Tuesday, March 31, 2015

RMAN jobs not working after OEM upgrade to 12.1.0.4

If you are planning to upgrade your OEM to 12.1.0.4 and you have RMAN jobs scheduled in Cloud Control, you should consider applying patch 19519190 to the OMS. I noticed that most of the RMAN jobs were having issues and even worst, some steps were empty!!! 

Obviously, the jobs were succeeding as the step is empty. In other words, the jobs were doing nothing.

Looks like this patch is not part of any PSU, yet! But having a problem with hundreds of jobs and especially with RMAN jobs is very risky.

Take a look at EM 12c: RMAN Step Commands are Being Removed from Multi-step RMAN Script Jobs in Enterprise Manager 12.1.0.4 Cloud Control (Doc ID 1914916.1).

Thanks,

Alfredo

Thursday, March 26, 2015

Using OMS DEBUG mode to troubleshoot OEM 12c problems

This time, I want to show you how to troubleshoot OEM problems by enabling DEBUG mode in the OMS. The virtual machine (VM) running my sandbox installation of OEM 12c 12.1.0.4 crashed during the night. After restarting the VM and all the OEM components, I wasn’t able to login using the SYSMAN account. The error from the console was not very explicit, just, “Authentication failed. If problem persists, contact your system administrator.”

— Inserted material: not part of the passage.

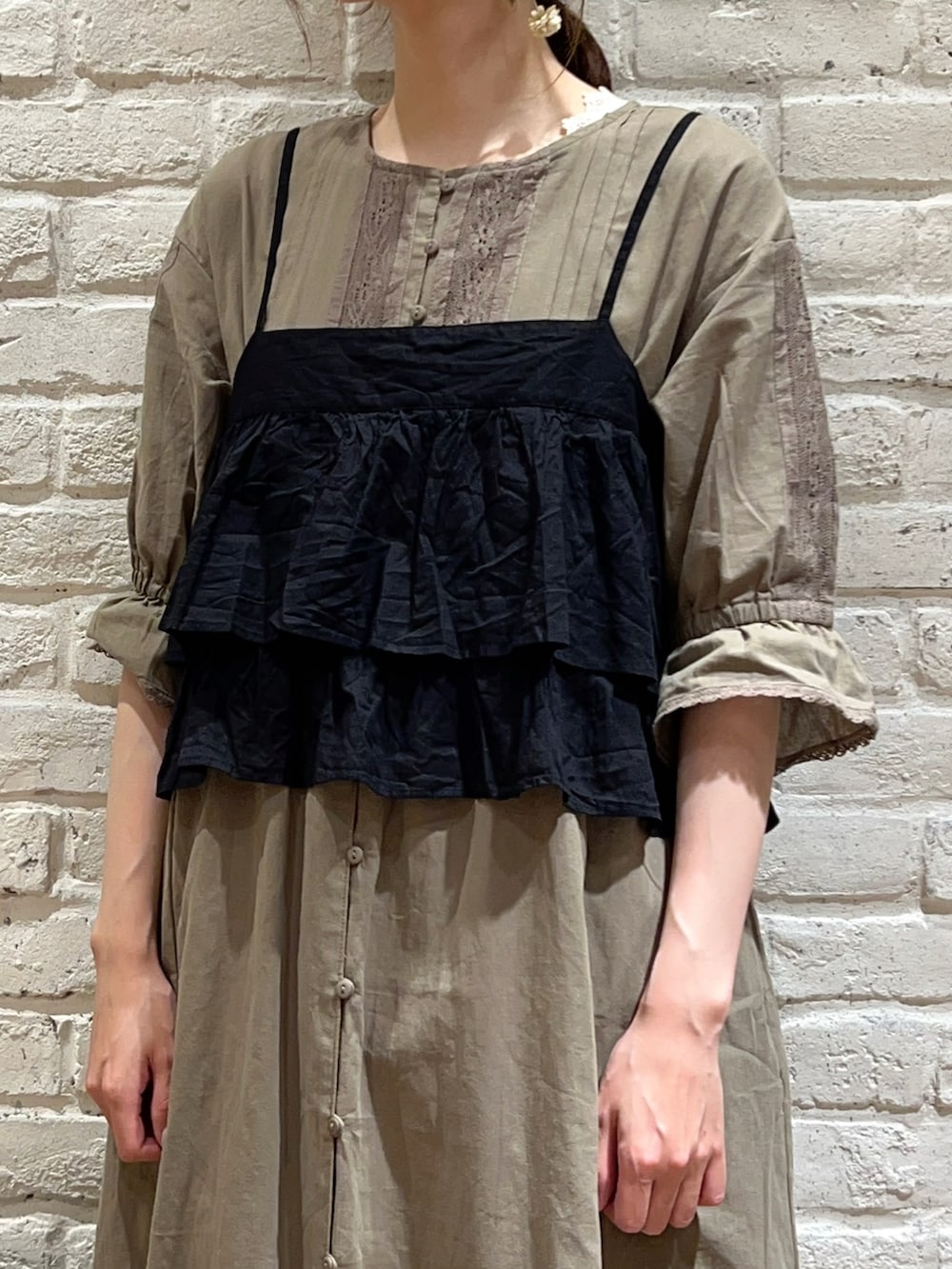 グリーン系のワンピース、ブラック系のシャツ/ブラウス、ベージュ系のスカートを着用したレディースの秋コーディネートの2枚目の写真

In order to get more details about the error, I decided to enable DEBUG mode for the OMS and reproduce the error. This is what I did to enable DEBUG mode.

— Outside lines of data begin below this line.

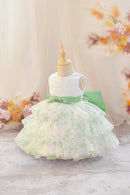 A sleeveless toddler girl's party dress displayed on a wooden mannequin. The dress features a white lace bodice, a light green satin waist sash with a bow, and a tiered ruffled skirt in white with a light green floral toile pattern, Obroi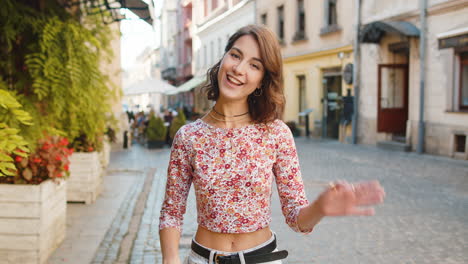 mujer joven sonriendo amigablemente a la cámara, agitando las manos hola, hola, saludo o adiós en la calle de la ciudad
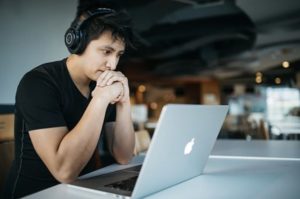 Focused-looking young man seated at desk in communal space with headphone, engaged with open laptop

$ cd /u01/app/oracle/oms/oms/bin
$ ./emctl set property -name log4j.rootCategory -value "DEBUG, emlogAppender, emtrcAppender" -module logging
Oracle Enterprise Manager Cloud Control 12c Release 4
Copyright (c) 1996, 2014 Oracle Corporation.  All rights reserved.
SYSMAN password:
Property log4j.rootCategory has been set to value DEBUG, emlogAppender, emtrcAppender for all Management Servers
OMS restart is not required to reflect the new property value

After enabling DEBUG mode, I reproduced the error several times using the console. I also wrote down the approximate time of the error, just to easy the search in the log file. Searching in the emoms.trc file located under <EM_HOME>/em/EMGC_OMS1/sysman/log/, found an ORA-14400 error. The MOS note 1493151.1, explains how to fix the issue by adding a new audit partition.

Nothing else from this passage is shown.